_TASK_.
Exact copies of the lines below, from the one with "Sundress for a" up to and including the one with "Pasek Morellato Large", are what this calls for; leave out pictures.

_DATA IN THIS EXERCISE_.
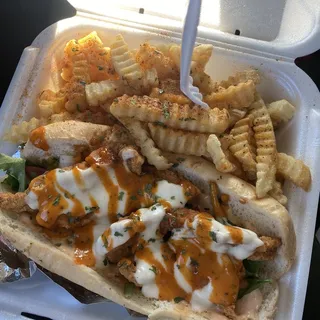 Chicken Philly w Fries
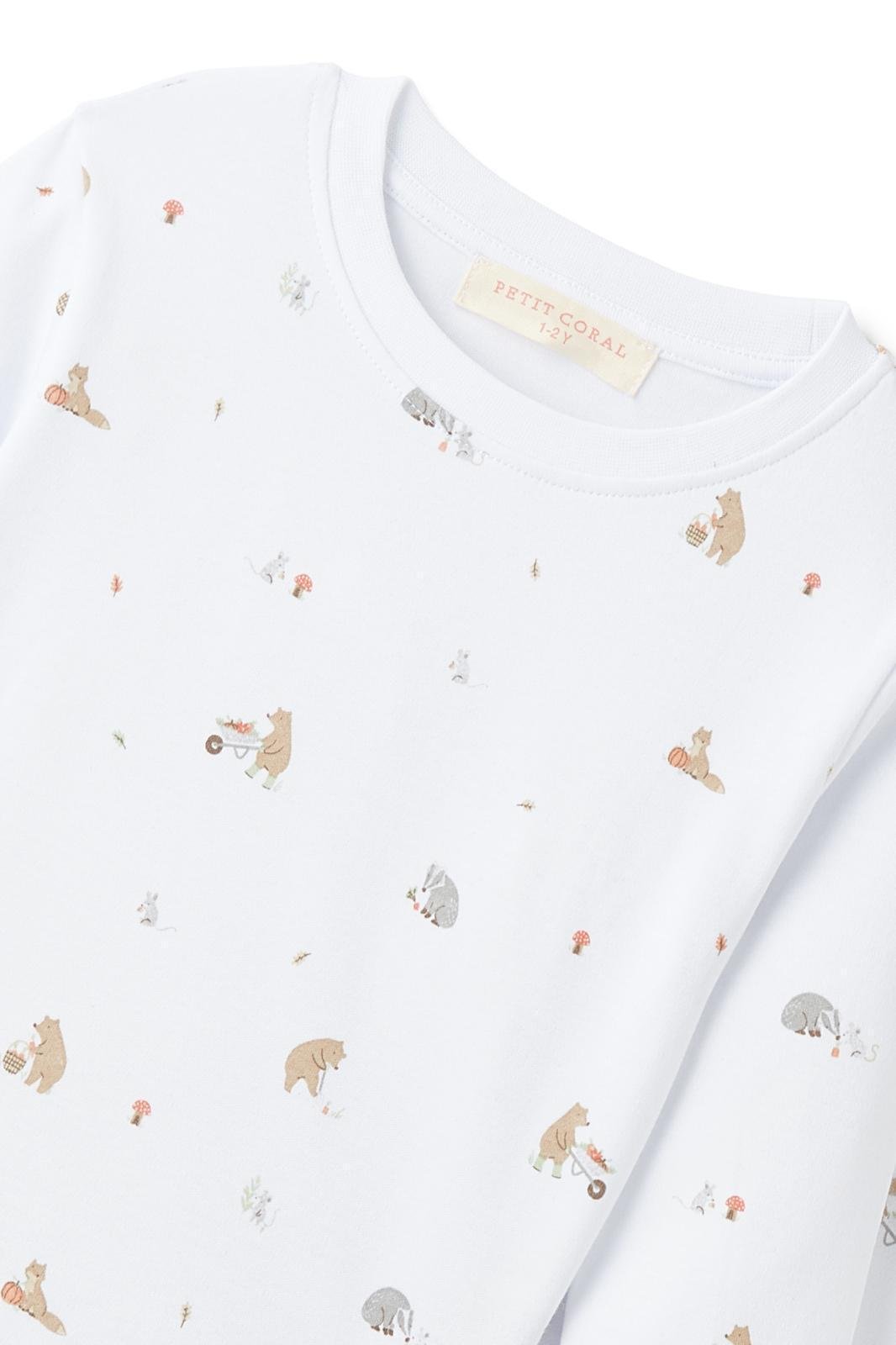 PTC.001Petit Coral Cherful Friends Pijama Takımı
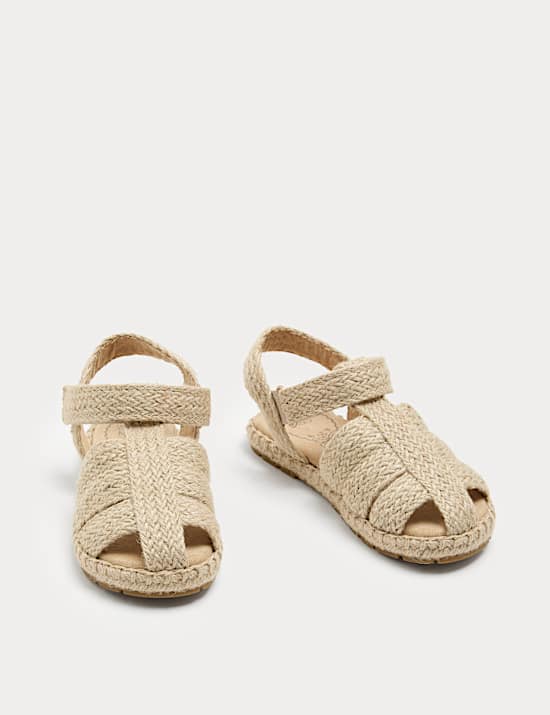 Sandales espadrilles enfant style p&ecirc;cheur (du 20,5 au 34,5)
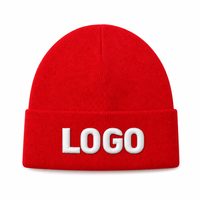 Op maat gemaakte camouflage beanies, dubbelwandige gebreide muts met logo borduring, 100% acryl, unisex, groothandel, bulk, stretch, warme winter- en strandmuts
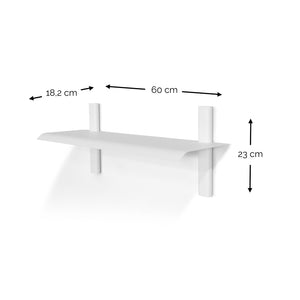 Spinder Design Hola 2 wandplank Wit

--

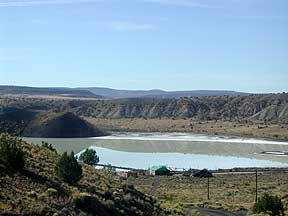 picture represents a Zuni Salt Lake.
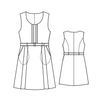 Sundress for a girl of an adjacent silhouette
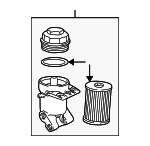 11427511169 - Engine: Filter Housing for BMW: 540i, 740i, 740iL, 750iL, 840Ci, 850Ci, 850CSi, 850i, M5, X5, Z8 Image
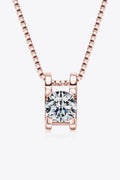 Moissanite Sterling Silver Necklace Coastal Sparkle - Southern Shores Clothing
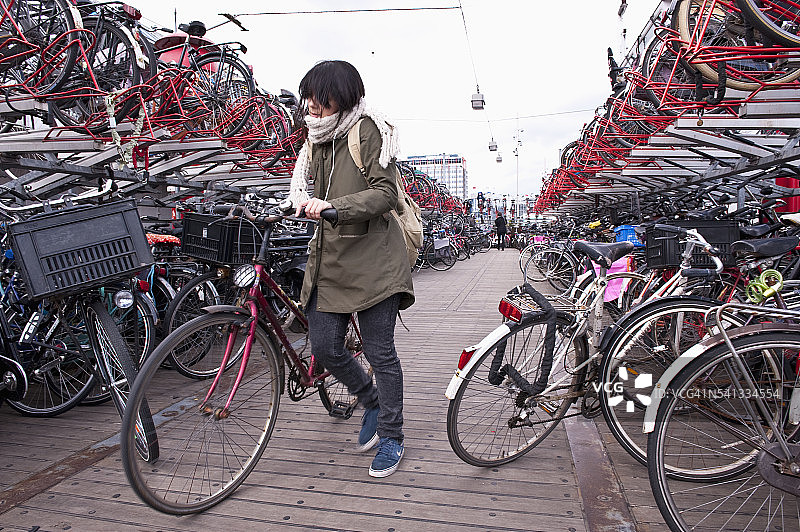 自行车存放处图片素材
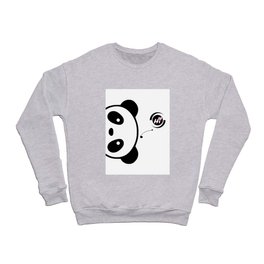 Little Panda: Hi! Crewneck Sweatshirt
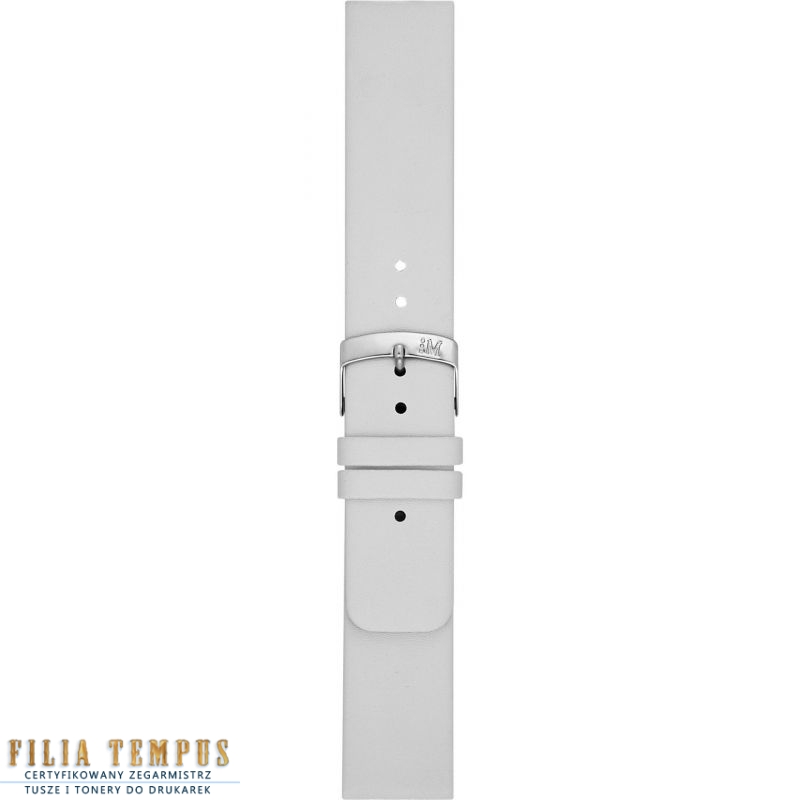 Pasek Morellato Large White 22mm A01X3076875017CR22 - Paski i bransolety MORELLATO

_SOLUTION TO THE PROBLEM_.
 Sundress for a girl of an adjacent silhouette
 11427511169 - Engine: Filter Housing for BMW: 540i, 740i, 740iL, 750iL, 840Ci, 850Ci, 850CSi, 850i, M5, X5, Z8 Image
 Moissanite Sterling Silver Necklace Coastal Sparkle - Southern Shores Clothing
 自行车存放处图片素材
 Little Panda: Hi! Crewneck Sweatshirt
 Pasek Morellato Large White 22mm A01X3076875017CR22 - Paski i bransolety MORELLATO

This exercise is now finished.